**WHAT TO WORK ON**
The lines below from the one with "strawberryhazee Onlyfans Photo Gallery" up to and including the one with "9714 OAK SUMMIT AVE, Parkville, MD 21234" are what you should set down, exactly and without pictures.

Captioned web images
>>>>
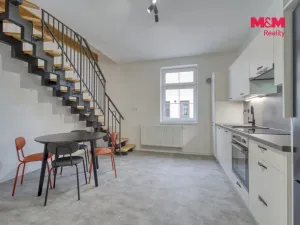 Pronájem bytu 2+1, Plzeň - Doudlevce, Šípková, 88 m2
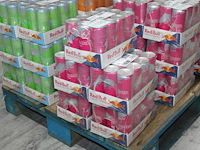 Red bull summer edition witte persik 60 blikken met tht 3-2026. bod is inclusief9,00 euro statiegeldwaarde - afbeelding 1 van  2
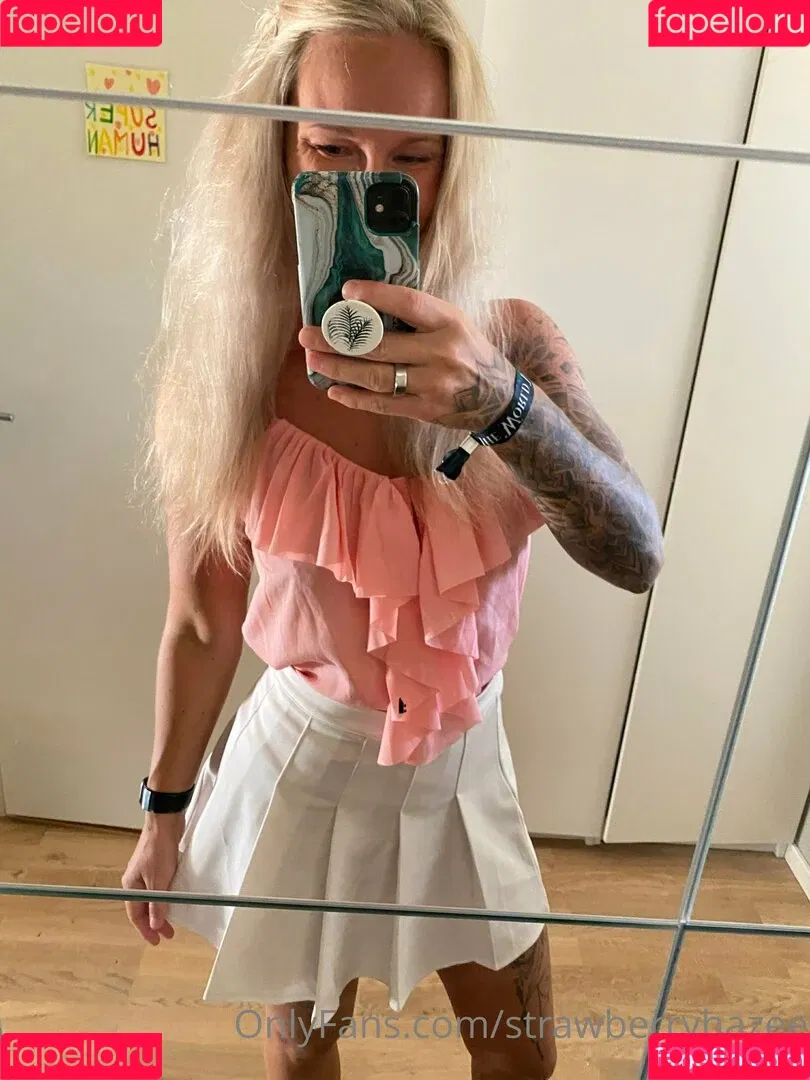 strawberryhazee Onlyfans Photo Gallery 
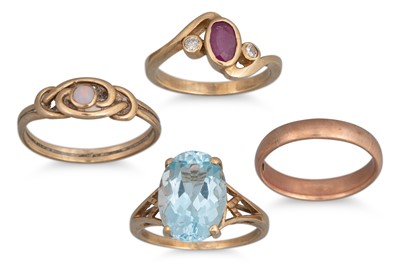 Lot 374 - FOUR GOLD RINGS, of various forms, gross...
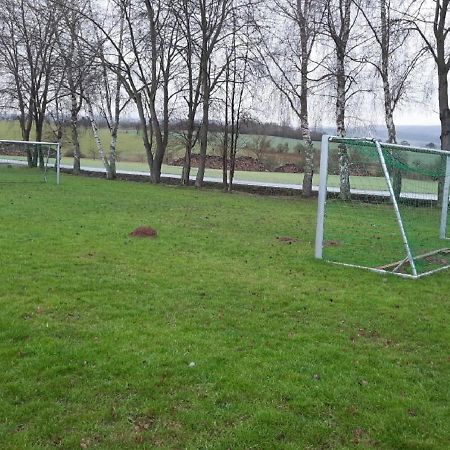 Exklusive Naturoase direkt am Ars Natura Wanderweg mit Panoramablick auf Melsungen Exterior foto
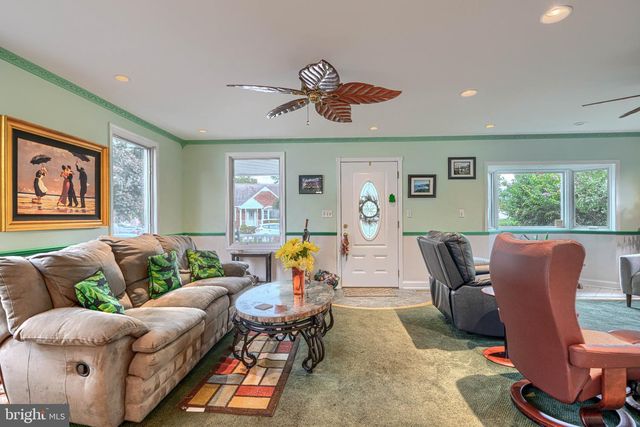 9714 OAK SUMMIT AVE, Parkville, MD 21234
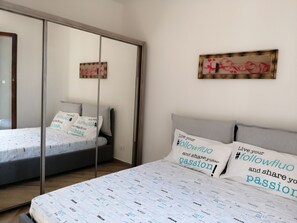 Comfort Apartment, 1 Bedroom, Mountain View | Blackout drapes, iron/ironing board, cribs/infant beds, bed sheets - Appartamenti Mareblu (Badesi)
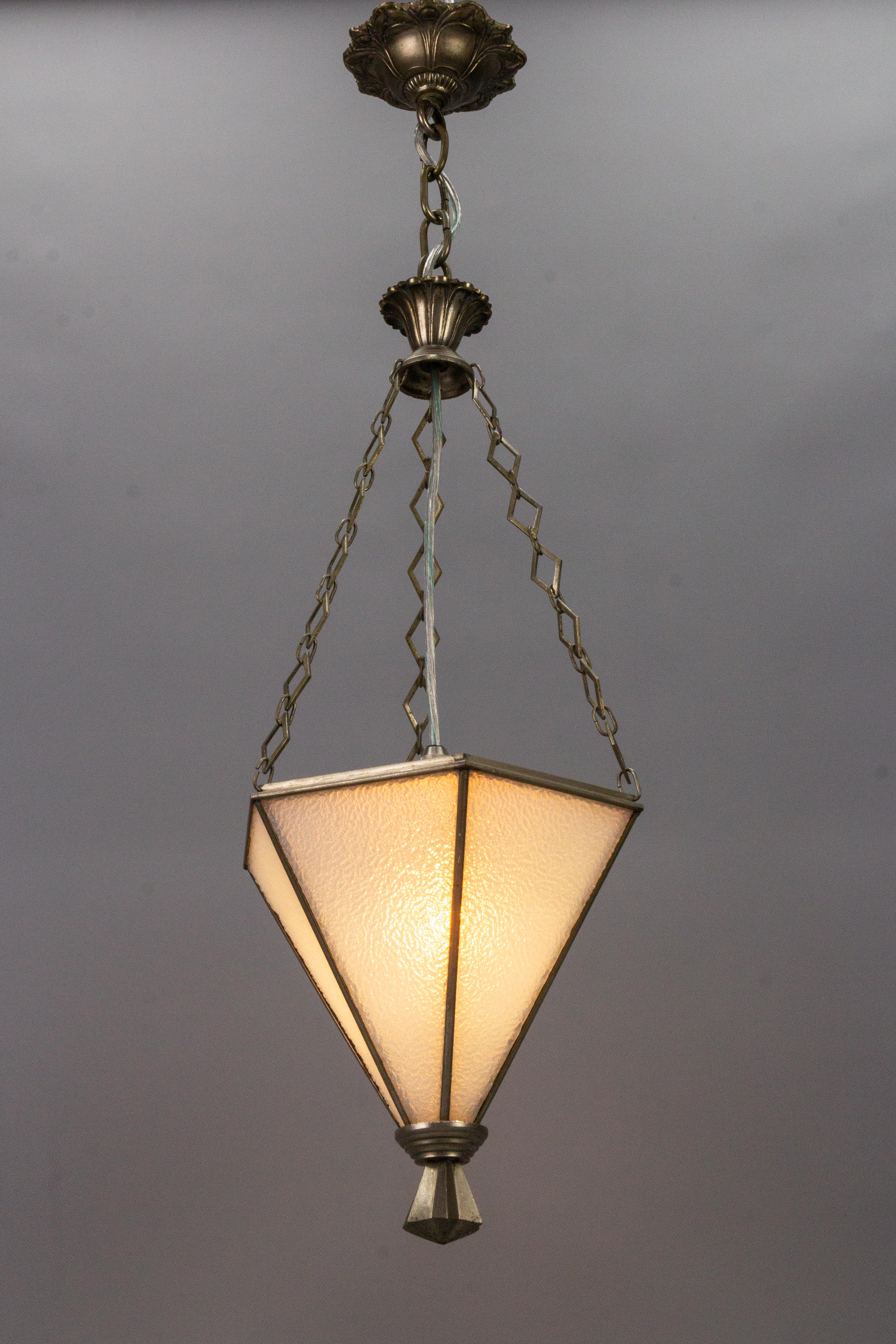 French Art Deco White Frosted Glass and Brass Pendant Light, 1930s In Good Condition In Barntrup, DE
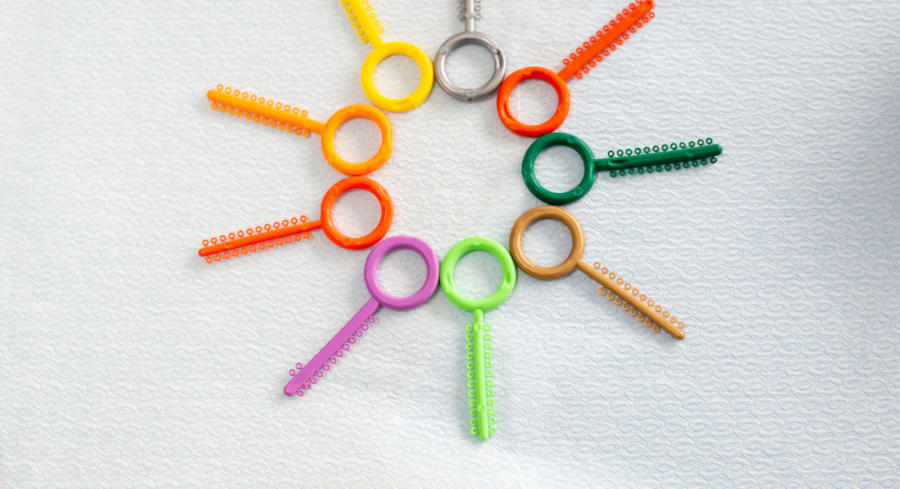 Orthodontic 0-rings of various different colors organized in a circle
<<<<
**TASK RESULT**
 strawberryhazee Onlyfans Photo Gallery 
 Lot 374 - FOUR GOLD RINGS, of various forms, gross...
 Exklusive Naturoase direkt am Ars Natura Wanderweg mit Panoramablick auf Melsungen Exterior foto
 9714 OAK SUMMIT AVE, Parkville, MD 21234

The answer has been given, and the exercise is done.